Netflix CEO and Facebook board member Reed Hastings spoke on his company's culture and Facebook's recent privacy scandals at a TED conference in Vancouver on Saturday.
Hastings said that Netflix's open culture of information-sharing among its employees makes it an "anti-Apple," in that Apple witholds sensitive information and product developments from many within its company, Wired reports.
"We're like the anti-Apple. They compartmentalize, we do the opposite. Everyone gets all the information," Hastings said. "I find out about big decisions made all the time that I had nothing to do with."
Hastings, who is leading Netflix in a charge to spend roughly $8 billion on content this year, said that his company's tactic of information sharing fosters healthy debate in Netflix's decision-making processes.
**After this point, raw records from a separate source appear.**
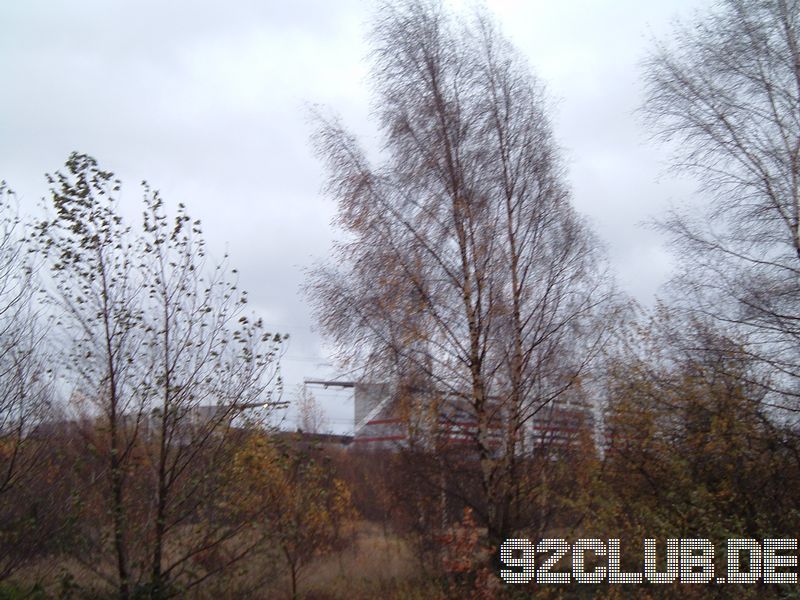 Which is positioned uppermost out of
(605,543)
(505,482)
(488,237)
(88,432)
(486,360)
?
(488,237)

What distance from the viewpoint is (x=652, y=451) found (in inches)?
535

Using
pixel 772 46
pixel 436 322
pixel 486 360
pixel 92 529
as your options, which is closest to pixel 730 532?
pixel 486 360

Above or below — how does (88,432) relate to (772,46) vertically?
below

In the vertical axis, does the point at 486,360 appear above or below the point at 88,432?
above

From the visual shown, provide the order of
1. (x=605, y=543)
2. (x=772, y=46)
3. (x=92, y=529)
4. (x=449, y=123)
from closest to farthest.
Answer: (x=92, y=529)
(x=772, y=46)
(x=605, y=543)
(x=449, y=123)

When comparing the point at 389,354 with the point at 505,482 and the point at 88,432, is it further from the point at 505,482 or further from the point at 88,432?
the point at 88,432

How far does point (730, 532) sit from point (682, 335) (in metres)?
3.54

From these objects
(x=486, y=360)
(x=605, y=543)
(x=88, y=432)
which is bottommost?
(x=605, y=543)

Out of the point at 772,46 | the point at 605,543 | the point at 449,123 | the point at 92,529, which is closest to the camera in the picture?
the point at 92,529

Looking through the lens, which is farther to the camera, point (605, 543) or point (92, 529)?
point (605, 543)

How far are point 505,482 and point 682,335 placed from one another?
4.15 metres

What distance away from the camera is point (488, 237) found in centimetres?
1316

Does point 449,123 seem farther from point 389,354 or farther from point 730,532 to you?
point 730,532

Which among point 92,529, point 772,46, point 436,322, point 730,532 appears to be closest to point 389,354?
point 436,322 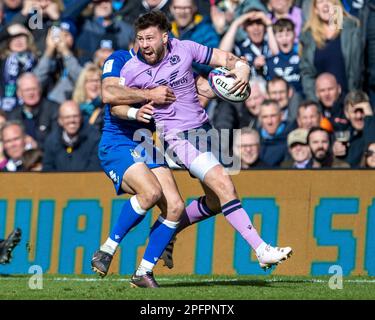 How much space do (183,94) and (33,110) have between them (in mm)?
5745

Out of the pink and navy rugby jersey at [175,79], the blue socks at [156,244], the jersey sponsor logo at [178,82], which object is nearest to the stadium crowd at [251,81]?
the pink and navy rugby jersey at [175,79]

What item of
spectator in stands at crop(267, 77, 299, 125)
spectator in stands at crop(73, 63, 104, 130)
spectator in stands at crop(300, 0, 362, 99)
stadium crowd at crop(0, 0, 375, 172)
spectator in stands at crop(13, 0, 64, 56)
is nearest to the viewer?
stadium crowd at crop(0, 0, 375, 172)

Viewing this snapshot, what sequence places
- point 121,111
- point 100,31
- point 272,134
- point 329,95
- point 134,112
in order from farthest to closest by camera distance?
point 100,31 → point 272,134 → point 329,95 → point 121,111 → point 134,112

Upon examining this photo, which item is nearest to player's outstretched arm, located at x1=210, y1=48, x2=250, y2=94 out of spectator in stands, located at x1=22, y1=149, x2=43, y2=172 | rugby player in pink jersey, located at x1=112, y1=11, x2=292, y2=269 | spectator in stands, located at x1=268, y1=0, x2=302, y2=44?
rugby player in pink jersey, located at x1=112, y1=11, x2=292, y2=269

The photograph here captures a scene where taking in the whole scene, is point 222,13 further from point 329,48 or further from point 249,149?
point 249,149

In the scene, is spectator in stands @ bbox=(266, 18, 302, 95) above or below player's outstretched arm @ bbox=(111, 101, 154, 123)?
above

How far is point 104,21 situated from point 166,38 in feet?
18.5

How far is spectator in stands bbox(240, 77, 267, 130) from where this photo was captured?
15.6 m

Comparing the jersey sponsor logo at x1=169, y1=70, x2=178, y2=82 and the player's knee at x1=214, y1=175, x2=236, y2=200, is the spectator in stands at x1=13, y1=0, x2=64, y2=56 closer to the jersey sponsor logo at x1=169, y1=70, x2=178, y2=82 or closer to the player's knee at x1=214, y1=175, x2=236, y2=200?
the jersey sponsor logo at x1=169, y1=70, x2=178, y2=82

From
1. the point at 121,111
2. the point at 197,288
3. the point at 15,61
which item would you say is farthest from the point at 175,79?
the point at 15,61

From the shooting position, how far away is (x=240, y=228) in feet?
37.7

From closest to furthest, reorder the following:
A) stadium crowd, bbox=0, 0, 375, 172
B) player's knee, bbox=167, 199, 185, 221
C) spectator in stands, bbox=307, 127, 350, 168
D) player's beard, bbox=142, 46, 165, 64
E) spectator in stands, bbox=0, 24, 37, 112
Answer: player's beard, bbox=142, 46, 165, 64
player's knee, bbox=167, 199, 185, 221
spectator in stands, bbox=307, 127, 350, 168
stadium crowd, bbox=0, 0, 375, 172
spectator in stands, bbox=0, 24, 37, 112

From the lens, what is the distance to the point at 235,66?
39.2ft

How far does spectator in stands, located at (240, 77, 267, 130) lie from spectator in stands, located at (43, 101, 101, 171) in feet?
6.42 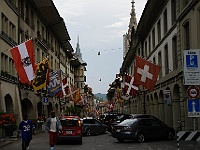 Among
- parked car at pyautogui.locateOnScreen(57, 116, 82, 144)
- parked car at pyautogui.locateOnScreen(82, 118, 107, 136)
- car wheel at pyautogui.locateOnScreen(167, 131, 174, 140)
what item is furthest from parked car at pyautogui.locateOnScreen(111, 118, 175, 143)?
parked car at pyautogui.locateOnScreen(82, 118, 107, 136)

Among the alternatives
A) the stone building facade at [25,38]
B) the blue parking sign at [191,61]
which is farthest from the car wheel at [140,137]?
the stone building facade at [25,38]

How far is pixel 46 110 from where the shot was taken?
47344 mm

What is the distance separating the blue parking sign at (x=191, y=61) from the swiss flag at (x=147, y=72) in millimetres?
14729

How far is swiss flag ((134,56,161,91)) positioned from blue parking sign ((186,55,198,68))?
14729 millimetres

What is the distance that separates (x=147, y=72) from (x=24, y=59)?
1058cm

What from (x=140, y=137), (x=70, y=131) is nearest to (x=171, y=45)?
(x=140, y=137)

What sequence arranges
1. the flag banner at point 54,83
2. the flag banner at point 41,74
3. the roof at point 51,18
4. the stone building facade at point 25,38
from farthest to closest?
1. the roof at point 51,18
2. the flag banner at point 54,83
3. the flag banner at point 41,74
4. the stone building facade at point 25,38

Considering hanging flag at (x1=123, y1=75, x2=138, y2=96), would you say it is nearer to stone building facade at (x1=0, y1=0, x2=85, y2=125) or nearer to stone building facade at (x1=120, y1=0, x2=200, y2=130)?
stone building facade at (x1=120, y1=0, x2=200, y2=130)

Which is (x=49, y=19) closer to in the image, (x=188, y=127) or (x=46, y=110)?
(x=46, y=110)

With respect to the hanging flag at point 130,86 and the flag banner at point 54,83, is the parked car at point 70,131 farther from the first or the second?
the hanging flag at point 130,86

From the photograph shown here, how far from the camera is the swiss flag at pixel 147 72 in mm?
27547

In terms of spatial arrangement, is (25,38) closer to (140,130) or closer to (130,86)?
(130,86)

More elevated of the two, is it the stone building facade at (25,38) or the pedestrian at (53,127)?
the stone building facade at (25,38)

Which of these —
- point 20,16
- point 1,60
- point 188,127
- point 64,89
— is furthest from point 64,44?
point 188,127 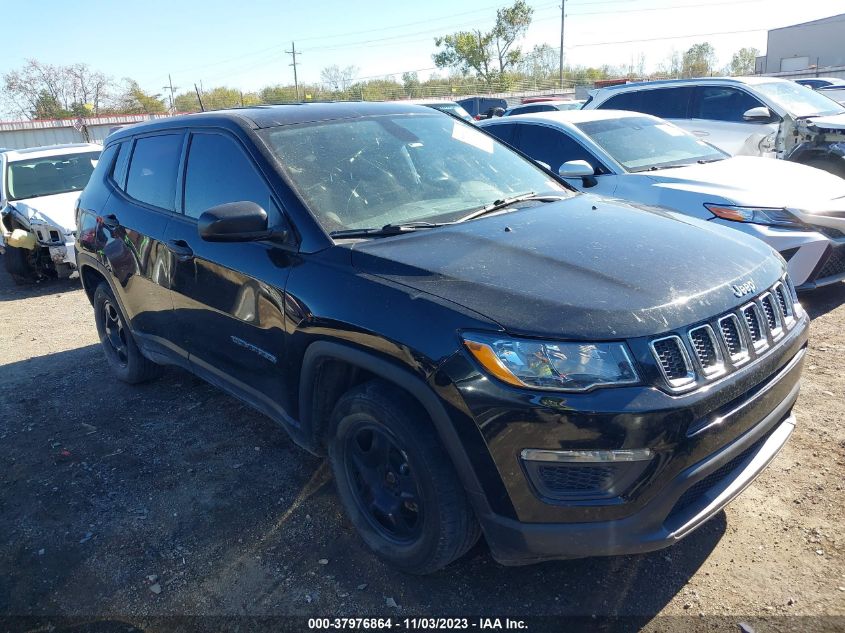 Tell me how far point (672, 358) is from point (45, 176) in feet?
32.8

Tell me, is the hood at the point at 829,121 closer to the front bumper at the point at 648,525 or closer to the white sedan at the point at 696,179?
the white sedan at the point at 696,179

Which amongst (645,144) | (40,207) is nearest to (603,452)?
(645,144)

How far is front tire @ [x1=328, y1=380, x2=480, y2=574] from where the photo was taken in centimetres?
228

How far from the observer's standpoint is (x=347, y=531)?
296 centimetres

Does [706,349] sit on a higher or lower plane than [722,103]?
lower

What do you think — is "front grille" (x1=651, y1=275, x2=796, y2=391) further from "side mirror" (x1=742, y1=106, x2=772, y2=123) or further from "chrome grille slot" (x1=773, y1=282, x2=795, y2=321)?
"side mirror" (x1=742, y1=106, x2=772, y2=123)

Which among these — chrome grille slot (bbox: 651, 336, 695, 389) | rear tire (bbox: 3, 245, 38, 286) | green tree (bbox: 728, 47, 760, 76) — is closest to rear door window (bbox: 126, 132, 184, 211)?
chrome grille slot (bbox: 651, 336, 695, 389)

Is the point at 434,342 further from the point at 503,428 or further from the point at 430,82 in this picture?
the point at 430,82

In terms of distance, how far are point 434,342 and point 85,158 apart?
31.8 ft

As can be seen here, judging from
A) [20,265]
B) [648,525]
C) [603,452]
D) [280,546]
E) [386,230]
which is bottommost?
[280,546]

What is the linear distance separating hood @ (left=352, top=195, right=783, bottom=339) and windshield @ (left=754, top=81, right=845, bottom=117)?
22.1 ft

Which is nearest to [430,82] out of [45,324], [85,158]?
[85,158]

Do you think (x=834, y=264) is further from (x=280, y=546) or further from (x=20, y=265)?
(x=20, y=265)

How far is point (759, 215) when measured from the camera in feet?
16.2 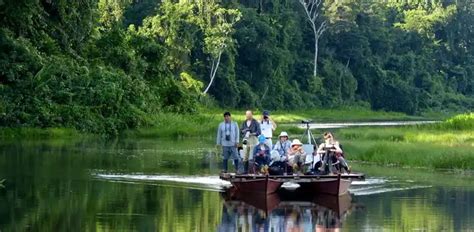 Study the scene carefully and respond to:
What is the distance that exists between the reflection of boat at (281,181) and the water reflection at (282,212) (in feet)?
0.60

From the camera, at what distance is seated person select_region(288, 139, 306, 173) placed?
87.7 feet

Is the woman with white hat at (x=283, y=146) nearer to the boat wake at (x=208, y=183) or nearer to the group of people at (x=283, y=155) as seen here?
the group of people at (x=283, y=155)

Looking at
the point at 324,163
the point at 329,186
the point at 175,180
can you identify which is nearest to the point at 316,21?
the point at 175,180

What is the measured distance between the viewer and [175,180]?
29359 millimetres

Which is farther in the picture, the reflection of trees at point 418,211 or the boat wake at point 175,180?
the boat wake at point 175,180

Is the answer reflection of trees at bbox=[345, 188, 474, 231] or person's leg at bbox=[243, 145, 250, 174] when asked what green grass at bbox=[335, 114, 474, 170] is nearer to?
reflection of trees at bbox=[345, 188, 474, 231]

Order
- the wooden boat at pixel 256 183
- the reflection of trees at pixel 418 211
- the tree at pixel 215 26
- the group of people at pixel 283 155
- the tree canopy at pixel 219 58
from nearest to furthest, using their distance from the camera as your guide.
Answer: the reflection of trees at pixel 418 211, the wooden boat at pixel 256 183, the group of people at pixel 283 155, the tree canopy at pixel 219 58, the tree at pixel 215 26

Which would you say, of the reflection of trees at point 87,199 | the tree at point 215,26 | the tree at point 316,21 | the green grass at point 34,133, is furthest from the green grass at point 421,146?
the tree at point 316,21

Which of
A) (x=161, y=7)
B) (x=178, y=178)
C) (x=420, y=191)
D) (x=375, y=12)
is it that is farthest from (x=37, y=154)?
(x=375, y=12)

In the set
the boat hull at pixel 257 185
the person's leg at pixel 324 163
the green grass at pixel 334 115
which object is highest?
the person's leg at pixel 324 163

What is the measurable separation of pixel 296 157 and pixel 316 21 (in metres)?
71.3

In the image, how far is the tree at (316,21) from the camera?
9625 centimetres

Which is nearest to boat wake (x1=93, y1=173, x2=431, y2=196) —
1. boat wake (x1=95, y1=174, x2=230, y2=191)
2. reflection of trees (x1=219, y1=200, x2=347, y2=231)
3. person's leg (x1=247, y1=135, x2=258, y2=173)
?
boat wake (x1=95, y1=174, x2=230, y2=191)

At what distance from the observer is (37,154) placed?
37.3 metres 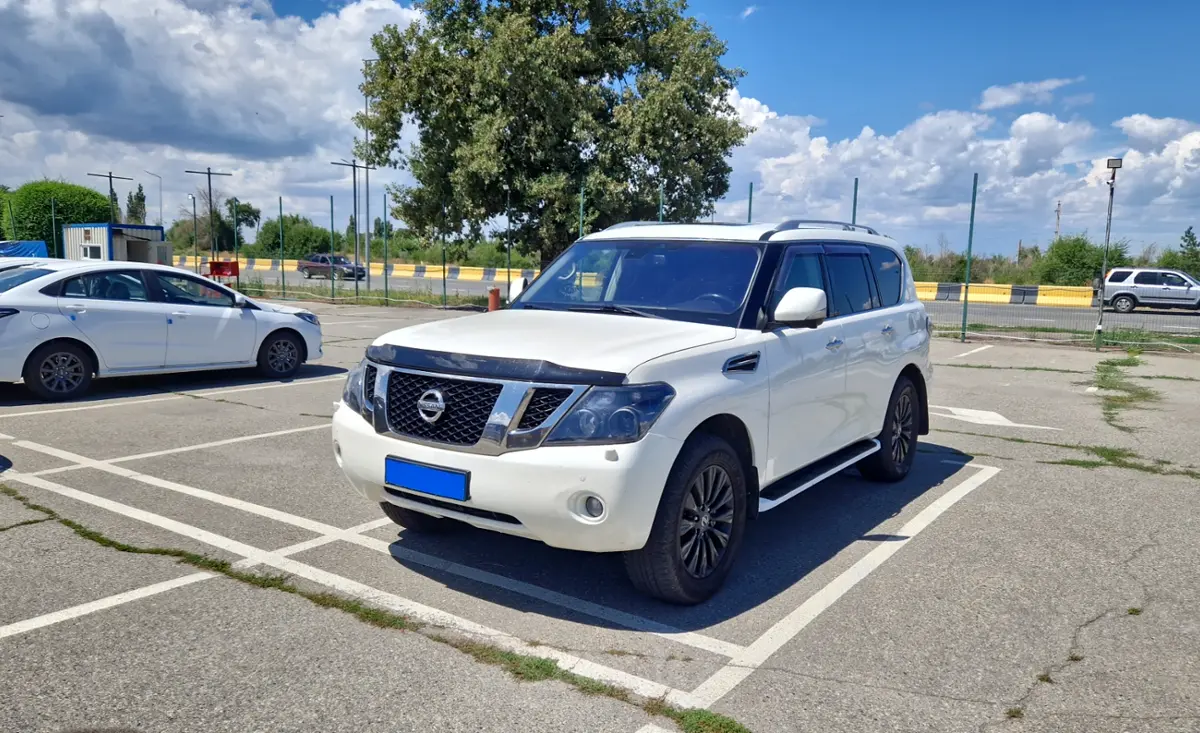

"We want people to speak the truth, and we say, 'To disagree silently is disloyal.'" He added, "It's not ok to let a decision go through without saying your piece. We're very focused on trying to get to good decisions with a good debate."
Hastings also discussed how criticism of Facebook over its Cambridge Analytica data-harvesting scandal was "not completely unfairly," adding that Facebook CEO Mark Zuckerberg was "leading the charge on fixing" the social network's issues.
Hastings said that social media networks like Facebook "are clearly trying to grow up quickly," and he compared the rise of social media to the controversies that surrounded television in the 1960s, as Recode notes.
"When television was first popular in the 1960s in the U.S., it was called a 'vast wasteland.' And television was going to rock the minds of everybody," Hastings said. "And it turns out everybody's minds were fine. There were some adjustments. So I think of it as all new technologies have pros and cons. And in social we're just figuring that out."